Sa pensée de l'amour et de la liberté, qui s'affranchissait de l'Église, lui valut d'être brûlée vive, Elle accepta son sort, plutôt que de se renier.
« Ces gens que je traite d’ânes, ils cherchent Dieu dans les créatures, dans les monastères par les prières, dans les paradis créés, les paroles humaines et les Écritures. » (Porete) |
On ne connaît presque rien de la vie de cette mystique chrétienne, hormis sa fin tragique mais elle avait une grande culture théologique comme profane et avait sûrement reçu une bonne éducation. Née vers 1250 dans le comté de Hainaut (nord de la France), elle vécut sans doute à Valenciennes. Elle est essentiellement connue pour « le Miroir des âmes simples anéanties et qui seulement demeurent en vouloir et désir d'amour » publié en 1295, un dialogue allégorique entre l'Amour et la Raison.
Porete y décrit les sept phases de l'anéantissement de soi par lesquelles l'âme s'élève vers Dieu et s'unit à lui. Dans cette union mystique, l'âme se trouve réconciliée avec sa véritable nature, et n'est plus soumise à rien d'autre que l’amour : elle se libère de la morale aussi bien que de la raison.

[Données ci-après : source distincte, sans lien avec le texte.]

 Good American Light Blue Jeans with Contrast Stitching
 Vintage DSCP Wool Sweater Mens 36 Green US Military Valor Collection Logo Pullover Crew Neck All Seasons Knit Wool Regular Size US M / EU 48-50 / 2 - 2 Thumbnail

« Vertus, je prends congé de vous pour toujours : j'en aurai le cœur plus libre et plus gai, votre service est trop couteux, je le sais. J'ai mis un temps mon cœur en vous, sans rien me réserver, […] j’étais alors votre esclave, j'en suis maintenant délivrée ». (Porete) |
L’ouvrage de Porete exerça une grande influence sur maître Eckhart (1260-1328), figure de proue du mysticisme rhénan des XIIIe et XIVe siècles, et sur les béguines. Cependant, il suscita rapidement la méfiance de « Sainte-Église-la-petite », comme l'appelait Marguerite Porete.
En effet, la démarche de Porete « se passe de l'Église comme institution, […] relativise les sacrements et rejette la morale », note le philosophe Olivier Boulnois.
Dès 1306, Guy de Colmieu, évêque de Cambrai, condamne l'ouvrage pour hérésie et le fait bruler en place publique, ce qui n'empêche pas Porete de continuer à promouvoir ses idées. Philippe de Marigny, successeur de Guy de Colmieu, la fait arrêter en 1308 : elle est incarcérée à Paris sur ordre de l’Inquisiteur général du royaume de France, Guillaume Humbert, mais refuse de répondre aux questions de l'Inquisition, qui suspecte son appartenance au mouvement du Libre-Esprit.
21 docteurs en théologie de l'université de Paris condamnent à nouveau « le Miroir » pour hérésie, mais la religieuse garde le silence et refuse de se rétracter. Elle est brûlée avec son ouvrage en place de Grève le 1er juin 1310. (Octave Larmagnac-Matheron, Philosophie Magazine, hors-série 43H)
Cependant son livre lui survit par un manuscrit du 15e siècle qui modernise le texte d’origine.